--- GIVEN DATA Enclosed Below ---
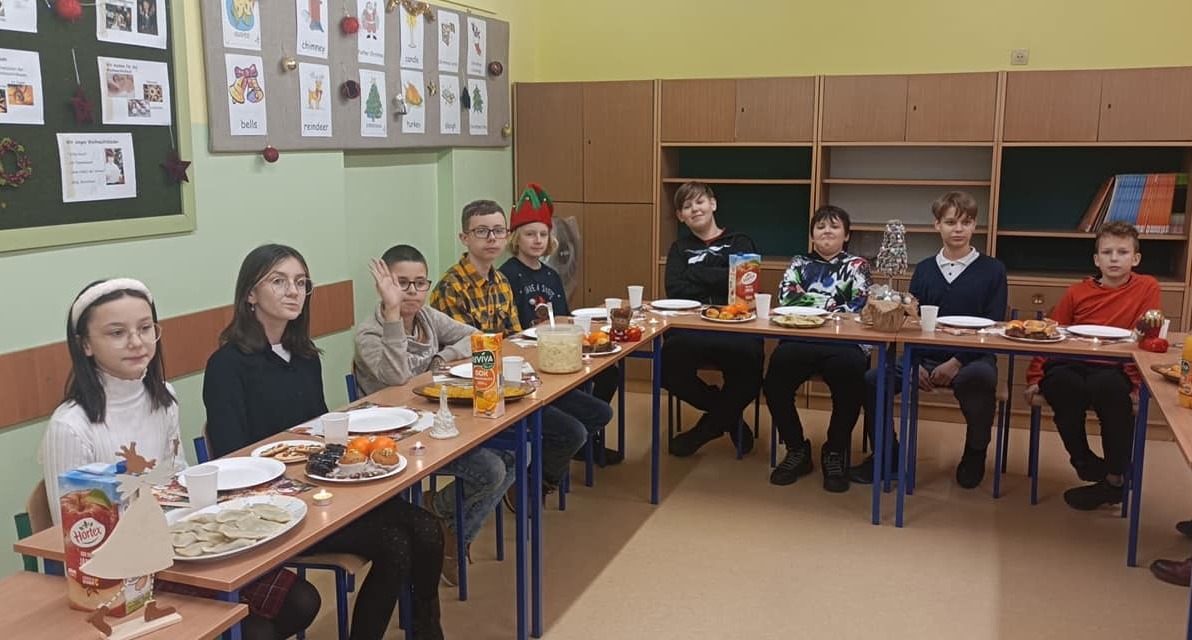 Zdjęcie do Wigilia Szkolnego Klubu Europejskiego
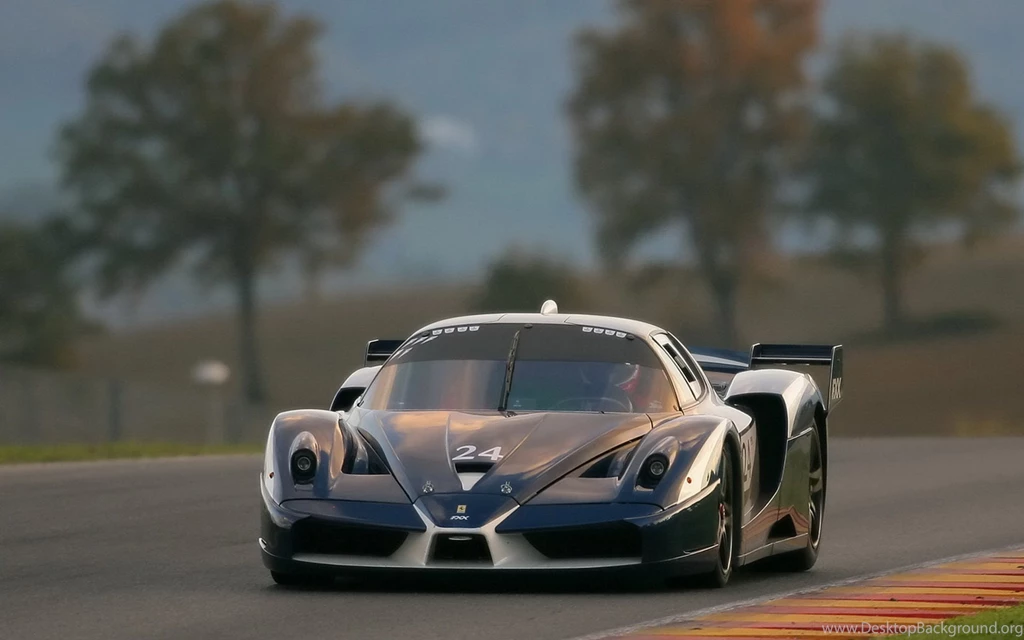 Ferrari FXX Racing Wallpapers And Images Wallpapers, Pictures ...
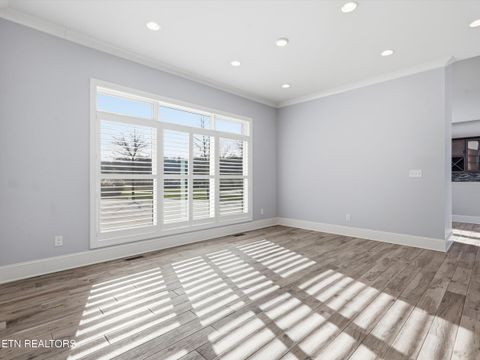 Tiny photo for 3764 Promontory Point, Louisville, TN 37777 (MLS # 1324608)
--- End of Enclosed GIVEN DATA ---
EXERCISE AIM
Print the full listing again exactly, and drop every image from it.

YOUR RESPONSE
 Zdjęcie do Wigilia Szkolnego Klubu Europejskiego
 Ferrari FXX Racing Wallpapers And Images Wallpapers, Pictures ...
 Tiny photo for 3764 Promontory Point, Louisville, TN 37777 (MLS # 1324608)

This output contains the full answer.